Nonostante il permanere delle difficoltà economiche e finanziarie,
aggravatesi a partire dalla seconda metà degli anni `90[vi], Koizumi
individua abilmente nella "lotta al terrorismo" uno strumento
essenziale per poter realizzare il proprio progetto di modifica
costituzionale e riarmo. Dopo aver sostenuto la guerra in Afghanistan
attraverso l'appoggio navale, il primo ministro giapponese licenzia
l'allora ministro degli Esteri, Makiko Tanaka, la più influente tra le
cinque donne presenti nell'esecutivo, favorevole ad una maggiore
autonomia del Giappone nello scacchiere asiatico. Non contento,
Koizumi, per la prima volta dal dopoguerra e nonostante l'opposizione
di larga parte dell'opinione pubblica, dispiega proprie truppe in un
teatro di guerra sostenendo l'aggressione unilaterale di Stati Uniti e
Gran Bretagna contro l'Iraq.

Se dalla società giapponese tornano gradualmente ad emergere segnali
di critica radicale alle politiche guerrafondaie e revansciste del
governo, i rapporti di forza all'interno del quadro politico sono
peggiorati, con i Democratici ed i buddisti del Komeito che,
contrariamente a quanto accaduto alla fine degli anni '90, tendono ad
allinearsi ai progetti di revisione costituzionale proposti da
liberali e liberaldemoicratici, mentre solo socialdemocratici
(scottati dall'esperienza disastrosa di governo insieme al PLD tra il
1994 ed il 1996) e comunisti si oppongono con fermezza e decisione,
tentando di costruire un movimento di massa in grado di opporsi al
disegno militarista di Koizumi[vii].

Interessante, per concludere su questo punto, quanto scrive Philippe
Pons, inviato di "Le Monde", all'indomani della nomina di Koizumi a
capo del governo, come riportato da Mario Pirani su "La Repubblica":

"Oltre alle irrisolte questioni economiche se ne pongono altre
sull'orientamento generale del paese e sui suoi rapporti con i vicini.
La pubblicazione dei nuovi libri di testo dove si negano fatti
storici… hanno suscitato una seria tensione con i governi di Seul e
Pechino… Koizumi però fa orecchie da mercante visto che il suo
ministro dell'Educazione ha cauzionato il punto di vista degli storici
e politici revisionisti… Infine, mettendo sul tappeto la questione
della revisione della Costituzione, compresa l'elezione diretta del
premier, egli può sperare di eludere quelle riforme economiche che
implicano misure impopolari"[viii].

Se sul piano militare e geo-strategico potrebbe davvero determinarsi
un ipotetico asse nippo-statunitense, in funzione essenzialmente
anticinese – pur se da essi strumentalmente giustificato con la
crescente pericolosità della Corea del Nord -, in parte diversa si
profila la situazione sul terreno delle politiche economiche e
commerciali, a partire dal fatto che "l'Europa, e in misura minore il
Giappone, si sono trovati quasi da soli a pagare il prezzo della
caduta del dollaro", finalizzata a sostenere le esportazioni Usa e
l'acquisto di azioni di Buoni del Tesoro, svalutando nel contempo
l'attuale debito estero, stimato in circa 3.000 miliardi di dollari[ix].

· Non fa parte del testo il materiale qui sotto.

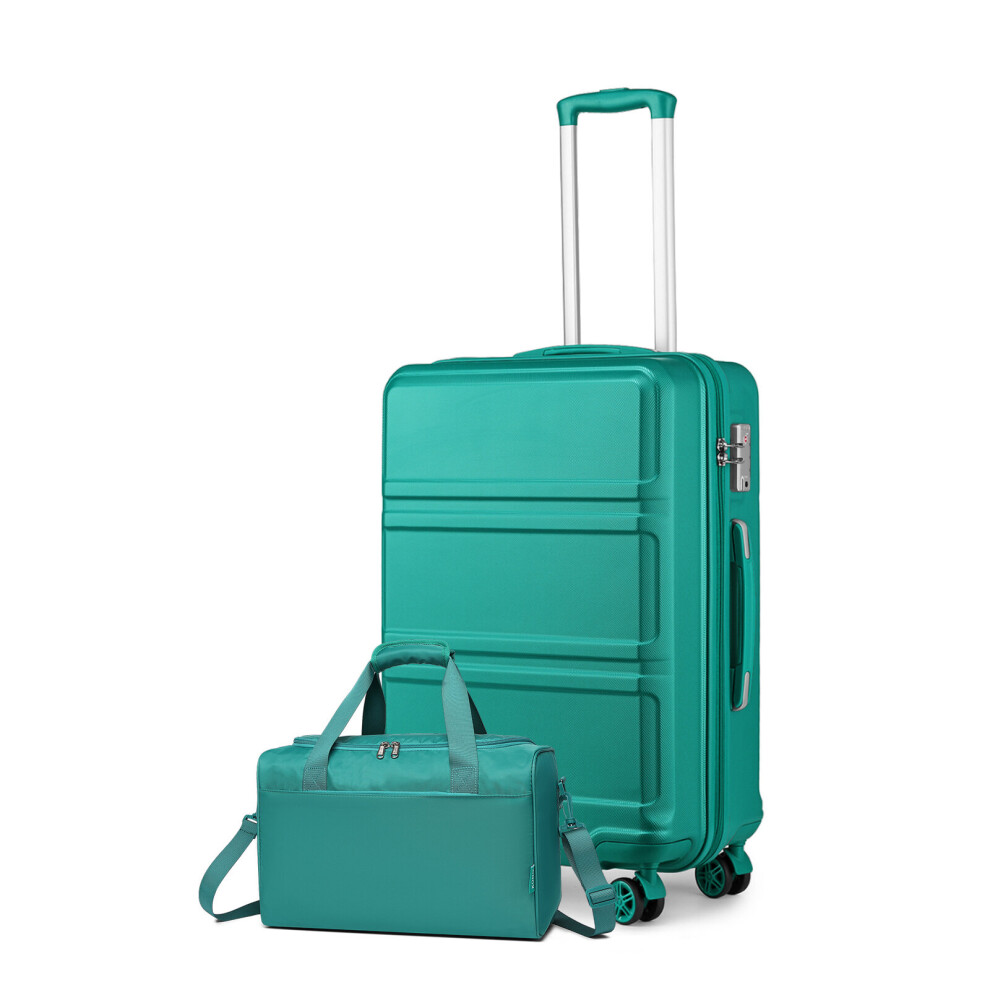 (24 Inch + Travel Bag) KONO 20/24/28Inch ABS Hard Shell Suitcase Set Trolley Hand Cabin Luggage & Travel Bag- Blue/Green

Al di là delle contraddizioni emerse nei primi anni '90, agli Stati
Uniti interessa oggi rafforzare da ogni punto di vista il Giappone.
Emblematico quanto sostenuto alla fine degli anni '90 da Luttwak:

"All'inizio degli anni Novanta, gli americani avevano paura dei
giapponesi. Temevano la potenza dell'economia nipponica, la sua
capacità di espansione. Tokyo era agli occhi degli americani una
macchina da guerra economica capace di comprare il mondo utilizzando i
surplus delle esportazioni… Gli americani vivevano nel terrore di
essere comprati dai giapponesi, classificati loro malgrado come
«nemico principale» (almeno in senso economico) degli Stati Uniti,
anche perché la fine dell'Urss ci aveva privati del Nemico assoluto…
Oggi la situazione è completamente cambiata. L'unica preoccupazione di
Washington è che Tokyo esca al più presto possibile dalla crisi
economica e riacquisti il suo ruolo di fattore di stabilità e
sicurezza nell'Asia del Nord-Est. Giacchè il Giappone soffre oggi una
vera e propria depressione, anche se gli analisti esitano ad usare
questo termine. E le radici di questa mala pianta sono molto profonde"[x].

L'Estremo Oriente in subbuglio, tensioni crescenti tra Tokyo e
Pechino. Storico incontro tra Hu e Lien

Contro la decisione del governo giapponese di autorizzare la
diffusione nelle scuole dei libri di testo "revisionati" dalla Società
sono stati diversi i governi che hanno protestato, a partire da Cina e
Corea del Sud. Nel più grande paese asiatico, poi, dove l'occupazione
giapponese è stata particolarmente dura, diverse migliaia di persone,
soprattutto studenti, sono scesi in piazza a protestare per giorni a
Pechino, Shenzhen, Shenyang, Hong Kong. Nel corso delle proteste sono
stati presi di mira ambasciate e consolati, creando un clima di forte
tensione con il governo di Tokyo, sostenuto apertamente dagli Stati Uniti.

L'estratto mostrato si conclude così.